Naomi Novik, an American writer of Lithuanian-Polish ascendency, is one of the most acclaimed voices in contemporary young-adult fantasy fiction. Her fantasies are heavily influenced by her cultural heritage, as well as by the fairy tale tradition, which becomes most obvious in her two standalone novels, Uprooted and the subject of this essay, Spinning Silver. As the quote chosen for this essay’s title demonstrates, Novik’s second standalone work constitutes one of the most obvious outward statements of an ideological stance as expressed within fantasy literature, as well as an example of what Jack Zipes (2006) called transfiguration: the rewriting and reworking of traditional tales in order to convey a different, more subversive message.

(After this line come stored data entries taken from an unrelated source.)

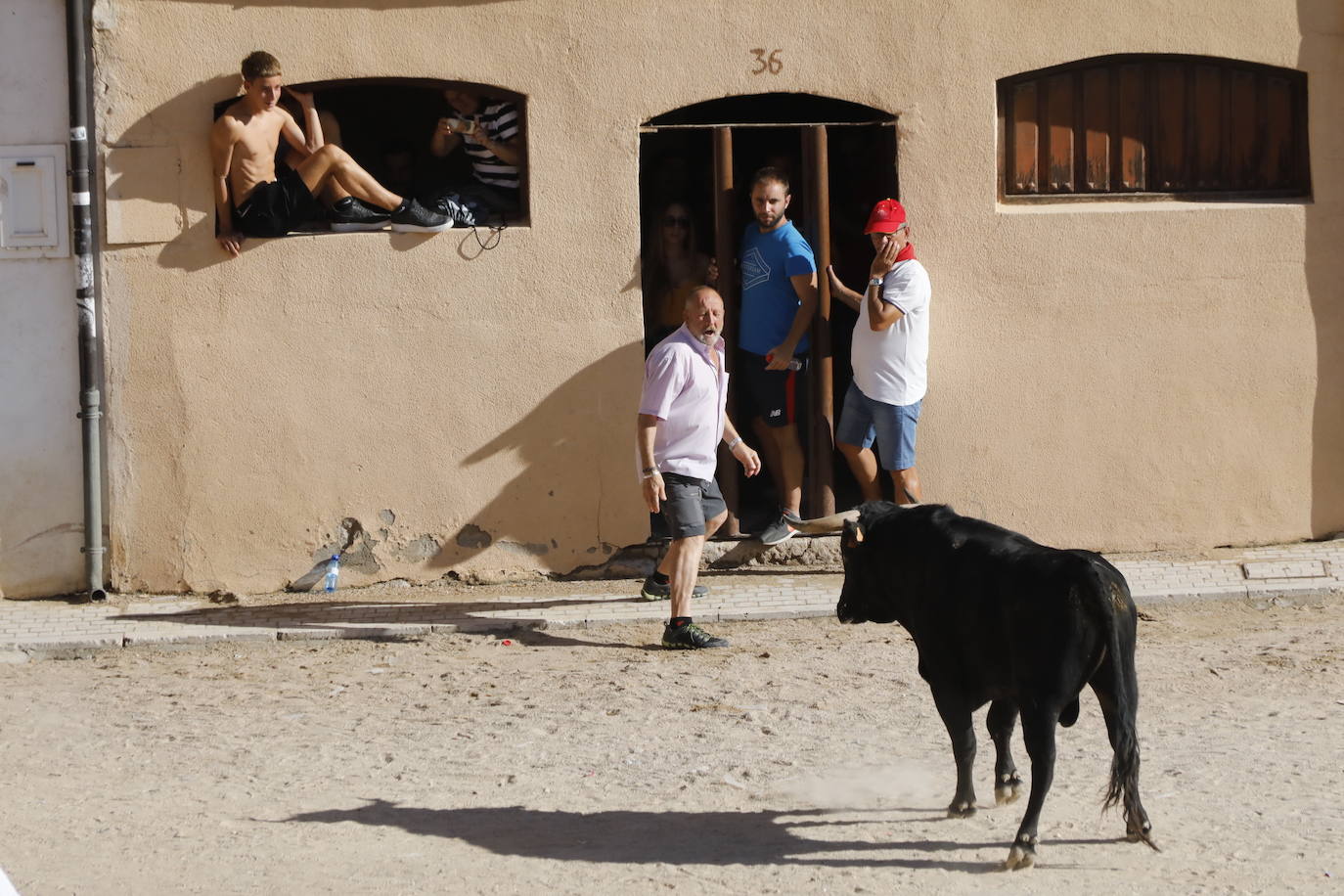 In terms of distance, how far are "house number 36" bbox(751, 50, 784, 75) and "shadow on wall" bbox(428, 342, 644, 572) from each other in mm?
1707

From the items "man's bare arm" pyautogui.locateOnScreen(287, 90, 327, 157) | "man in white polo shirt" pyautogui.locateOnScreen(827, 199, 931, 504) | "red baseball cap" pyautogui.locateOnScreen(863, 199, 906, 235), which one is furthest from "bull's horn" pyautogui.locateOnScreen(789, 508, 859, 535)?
"man's bare arm" pyautogui.locateOnScreen(287, 90, 327, 157)

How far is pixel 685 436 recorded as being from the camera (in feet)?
27.2

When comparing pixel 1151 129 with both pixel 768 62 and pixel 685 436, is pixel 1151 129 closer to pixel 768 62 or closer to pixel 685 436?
pixel 768 62

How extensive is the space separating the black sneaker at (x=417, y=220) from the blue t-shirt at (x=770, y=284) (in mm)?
1731

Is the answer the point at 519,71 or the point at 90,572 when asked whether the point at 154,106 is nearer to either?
the point at 519,71

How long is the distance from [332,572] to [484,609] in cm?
101

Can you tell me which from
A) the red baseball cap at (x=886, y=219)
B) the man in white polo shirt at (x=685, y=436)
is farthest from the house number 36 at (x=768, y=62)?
the man in white polo shirt at (x=685, y=436)

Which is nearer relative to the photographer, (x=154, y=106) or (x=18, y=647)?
(x=18, y=647)

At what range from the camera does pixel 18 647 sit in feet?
27.8

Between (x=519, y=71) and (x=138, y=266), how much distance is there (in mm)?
2339

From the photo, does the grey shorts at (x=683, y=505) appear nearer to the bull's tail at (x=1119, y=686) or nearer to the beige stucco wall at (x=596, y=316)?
the beige stucco wall at (x=596, y=316)

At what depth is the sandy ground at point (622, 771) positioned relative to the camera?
5.31 m

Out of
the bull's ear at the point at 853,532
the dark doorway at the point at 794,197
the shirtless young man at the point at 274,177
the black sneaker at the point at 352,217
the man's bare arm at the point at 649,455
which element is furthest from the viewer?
the dark doorway at the point at 794,197

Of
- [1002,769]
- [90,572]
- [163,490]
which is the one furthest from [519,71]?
[1002,769] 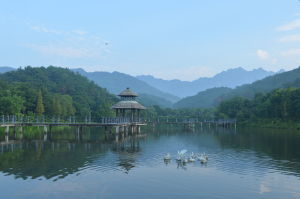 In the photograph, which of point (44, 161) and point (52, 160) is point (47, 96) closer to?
point (52, 160)

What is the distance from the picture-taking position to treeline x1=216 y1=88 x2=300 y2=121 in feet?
309

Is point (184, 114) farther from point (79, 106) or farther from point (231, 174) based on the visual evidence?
point (231, 174)

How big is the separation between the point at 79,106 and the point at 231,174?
91.5 meters

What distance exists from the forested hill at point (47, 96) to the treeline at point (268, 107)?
46.1 meters

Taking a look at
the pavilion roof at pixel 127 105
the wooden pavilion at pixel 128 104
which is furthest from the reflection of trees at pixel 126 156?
the wooden pavilion at pixel 128 104

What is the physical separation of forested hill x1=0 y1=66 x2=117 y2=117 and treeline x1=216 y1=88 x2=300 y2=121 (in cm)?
4615

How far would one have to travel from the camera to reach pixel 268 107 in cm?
10494

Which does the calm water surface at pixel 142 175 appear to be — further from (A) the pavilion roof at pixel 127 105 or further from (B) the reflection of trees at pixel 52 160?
(A) the pavilion roof at pixel 127 105

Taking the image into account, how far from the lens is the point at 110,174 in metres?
28.7

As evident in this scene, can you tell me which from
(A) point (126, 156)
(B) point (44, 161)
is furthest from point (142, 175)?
(B) point (44, 161)

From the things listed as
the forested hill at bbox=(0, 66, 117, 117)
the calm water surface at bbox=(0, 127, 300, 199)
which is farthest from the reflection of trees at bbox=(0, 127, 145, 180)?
the forested hill at bbox=(0, 66, 117, 117)

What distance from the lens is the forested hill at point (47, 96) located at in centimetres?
7468

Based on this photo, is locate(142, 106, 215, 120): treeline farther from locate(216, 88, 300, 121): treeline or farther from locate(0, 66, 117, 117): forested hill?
locate(0, 66, 117, 117): forested hill

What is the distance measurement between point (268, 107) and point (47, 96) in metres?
67.6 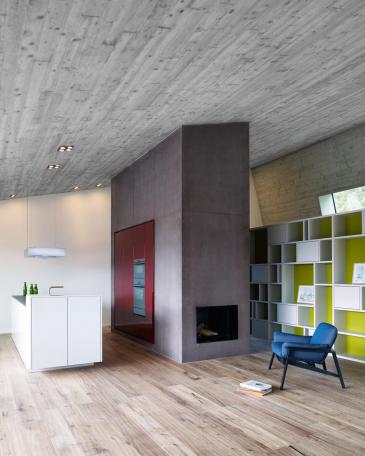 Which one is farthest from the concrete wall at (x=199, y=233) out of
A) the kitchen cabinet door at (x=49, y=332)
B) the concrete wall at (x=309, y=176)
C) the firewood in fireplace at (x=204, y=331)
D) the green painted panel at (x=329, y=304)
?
the concrete wall at (x=309, y=176)

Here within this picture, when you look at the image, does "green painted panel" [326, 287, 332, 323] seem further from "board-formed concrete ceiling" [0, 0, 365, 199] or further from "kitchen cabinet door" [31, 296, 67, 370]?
"kitchen cabinet door" [31, 296, 67, 370]

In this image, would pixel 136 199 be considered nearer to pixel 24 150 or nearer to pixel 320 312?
pixel 24 150

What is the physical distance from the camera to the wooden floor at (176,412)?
338 cm

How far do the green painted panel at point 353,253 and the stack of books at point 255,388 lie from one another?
2.54 m

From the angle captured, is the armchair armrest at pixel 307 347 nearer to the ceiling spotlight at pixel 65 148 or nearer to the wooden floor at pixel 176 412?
the wooden floor at pixel 176 412

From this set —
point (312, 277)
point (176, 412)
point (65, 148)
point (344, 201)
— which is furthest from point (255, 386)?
point (344, 201)

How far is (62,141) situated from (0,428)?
347 cm

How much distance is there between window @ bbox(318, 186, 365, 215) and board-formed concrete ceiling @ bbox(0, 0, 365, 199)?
1.98m

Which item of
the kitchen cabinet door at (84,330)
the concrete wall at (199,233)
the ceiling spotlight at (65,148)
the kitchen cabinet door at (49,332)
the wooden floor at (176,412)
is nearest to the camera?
the wooden floor at (176,412)

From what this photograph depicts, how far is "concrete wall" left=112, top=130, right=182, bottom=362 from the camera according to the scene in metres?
6.46

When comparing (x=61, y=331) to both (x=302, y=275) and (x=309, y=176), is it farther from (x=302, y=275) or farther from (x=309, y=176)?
(x=309, y=176)

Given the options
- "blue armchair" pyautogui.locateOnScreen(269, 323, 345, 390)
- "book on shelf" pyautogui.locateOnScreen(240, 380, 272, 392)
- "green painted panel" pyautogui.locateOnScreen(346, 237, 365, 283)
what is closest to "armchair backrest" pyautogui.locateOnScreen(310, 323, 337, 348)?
"blue armchair" pyautogui.locateOnScreen(269, 323, 345, 390)

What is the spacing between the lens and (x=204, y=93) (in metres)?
5.07

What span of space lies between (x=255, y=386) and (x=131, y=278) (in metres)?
4.04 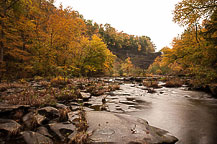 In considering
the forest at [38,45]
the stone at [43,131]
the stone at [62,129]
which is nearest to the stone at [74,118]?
the stone at [62,129]

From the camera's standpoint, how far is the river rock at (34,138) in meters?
2.27

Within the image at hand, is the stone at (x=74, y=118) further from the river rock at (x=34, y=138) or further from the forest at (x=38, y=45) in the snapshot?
the forest at (x=38, y=45)

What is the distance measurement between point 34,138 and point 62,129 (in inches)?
23.5

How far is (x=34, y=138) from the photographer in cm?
235

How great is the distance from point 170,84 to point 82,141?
1335cm

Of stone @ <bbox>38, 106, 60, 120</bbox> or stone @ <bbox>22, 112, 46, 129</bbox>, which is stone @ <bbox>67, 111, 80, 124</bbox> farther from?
stone @ <bbox>22, 112, 46, 129</bbox>

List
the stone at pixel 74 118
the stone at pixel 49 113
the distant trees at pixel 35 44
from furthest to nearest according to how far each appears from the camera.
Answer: the distant trees at pixel 35 44, the stone at pixel 49 113, the stone at pixel 74 118

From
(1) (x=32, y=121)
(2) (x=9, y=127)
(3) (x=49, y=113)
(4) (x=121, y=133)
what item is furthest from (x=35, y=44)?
(4) (x=121, y=133)

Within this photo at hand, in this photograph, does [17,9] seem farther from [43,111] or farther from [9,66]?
[43,111]

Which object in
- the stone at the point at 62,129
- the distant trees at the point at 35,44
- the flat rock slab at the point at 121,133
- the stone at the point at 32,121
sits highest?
the distant trees at the point at 35,44

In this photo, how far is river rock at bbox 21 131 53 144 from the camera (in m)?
2.27

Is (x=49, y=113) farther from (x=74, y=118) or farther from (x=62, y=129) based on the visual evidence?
(x=62, y=129)

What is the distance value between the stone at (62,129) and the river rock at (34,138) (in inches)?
10.7

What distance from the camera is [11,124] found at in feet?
8.71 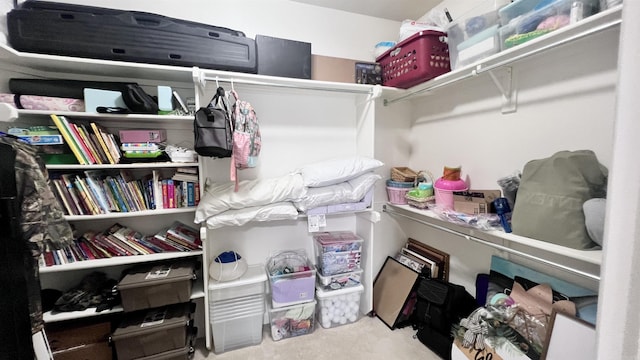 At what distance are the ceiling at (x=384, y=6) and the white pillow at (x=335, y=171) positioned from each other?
49.1 inches

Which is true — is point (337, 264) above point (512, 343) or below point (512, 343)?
above

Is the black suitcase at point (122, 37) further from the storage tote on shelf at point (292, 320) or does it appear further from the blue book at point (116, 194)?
the storage tote on shelf at point (292, 320)

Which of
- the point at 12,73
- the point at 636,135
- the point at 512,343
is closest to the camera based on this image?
the point at 636,135

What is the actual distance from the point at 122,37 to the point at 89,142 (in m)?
0.62

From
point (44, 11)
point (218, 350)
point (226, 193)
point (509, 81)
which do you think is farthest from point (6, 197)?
point (509, 81)

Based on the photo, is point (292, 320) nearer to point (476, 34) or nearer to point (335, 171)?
point (335, 171)

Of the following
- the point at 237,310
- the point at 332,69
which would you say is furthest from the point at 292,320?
the point at 332,69

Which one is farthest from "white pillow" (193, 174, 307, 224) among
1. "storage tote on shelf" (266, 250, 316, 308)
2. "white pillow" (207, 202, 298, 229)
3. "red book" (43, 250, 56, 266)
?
"red book" (43, 250, 56, 266)

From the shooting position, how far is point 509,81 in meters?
1.52

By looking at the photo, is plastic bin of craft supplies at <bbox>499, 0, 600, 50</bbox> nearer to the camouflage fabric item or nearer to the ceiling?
the ceiling

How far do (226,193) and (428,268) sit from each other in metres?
1.65

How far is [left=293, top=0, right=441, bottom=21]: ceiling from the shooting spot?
6.45ft

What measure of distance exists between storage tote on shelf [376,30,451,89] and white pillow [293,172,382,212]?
2.47 ft

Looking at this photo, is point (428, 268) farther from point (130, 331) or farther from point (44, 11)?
point (44, 11) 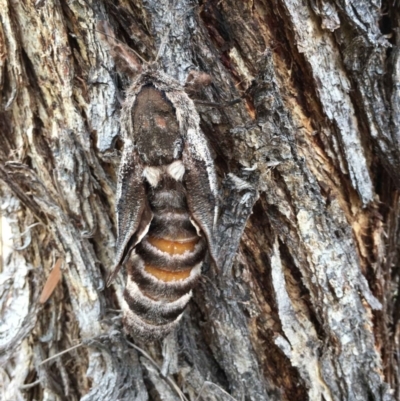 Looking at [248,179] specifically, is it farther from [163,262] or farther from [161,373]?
[161,373]

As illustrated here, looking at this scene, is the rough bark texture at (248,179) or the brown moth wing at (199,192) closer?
the rough bark texture at (248,179)

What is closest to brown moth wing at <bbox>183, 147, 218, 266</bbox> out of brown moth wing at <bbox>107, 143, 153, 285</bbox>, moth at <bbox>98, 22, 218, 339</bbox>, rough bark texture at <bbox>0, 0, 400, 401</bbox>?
moth at <bbox>98, 22, 218, 339</bbox>

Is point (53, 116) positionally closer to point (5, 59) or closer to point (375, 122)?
point (5, 59)

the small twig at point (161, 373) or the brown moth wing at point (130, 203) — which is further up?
the brown moth wing at point (130, 203)

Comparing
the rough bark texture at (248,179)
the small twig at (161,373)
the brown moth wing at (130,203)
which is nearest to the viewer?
the rough bark texture at (248,179)

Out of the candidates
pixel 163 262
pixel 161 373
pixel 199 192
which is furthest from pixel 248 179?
pixel 161 373

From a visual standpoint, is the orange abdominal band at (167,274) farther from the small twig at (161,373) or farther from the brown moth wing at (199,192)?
the small twig at (161,373)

This paper considers how Novik’s retelling takes advantage of traditional fairy-tale elements to create an implicit critique of gender-based oppression, while at the same time, and much more overtly, denouncing racial and religious prejudice. The ideological stance thus conveyed is shown to be intended to have consequences for the reader and the world outside of the fiction.



ideology, fantasy, the fantastic, fairy-tale, anti-Semitism, gender.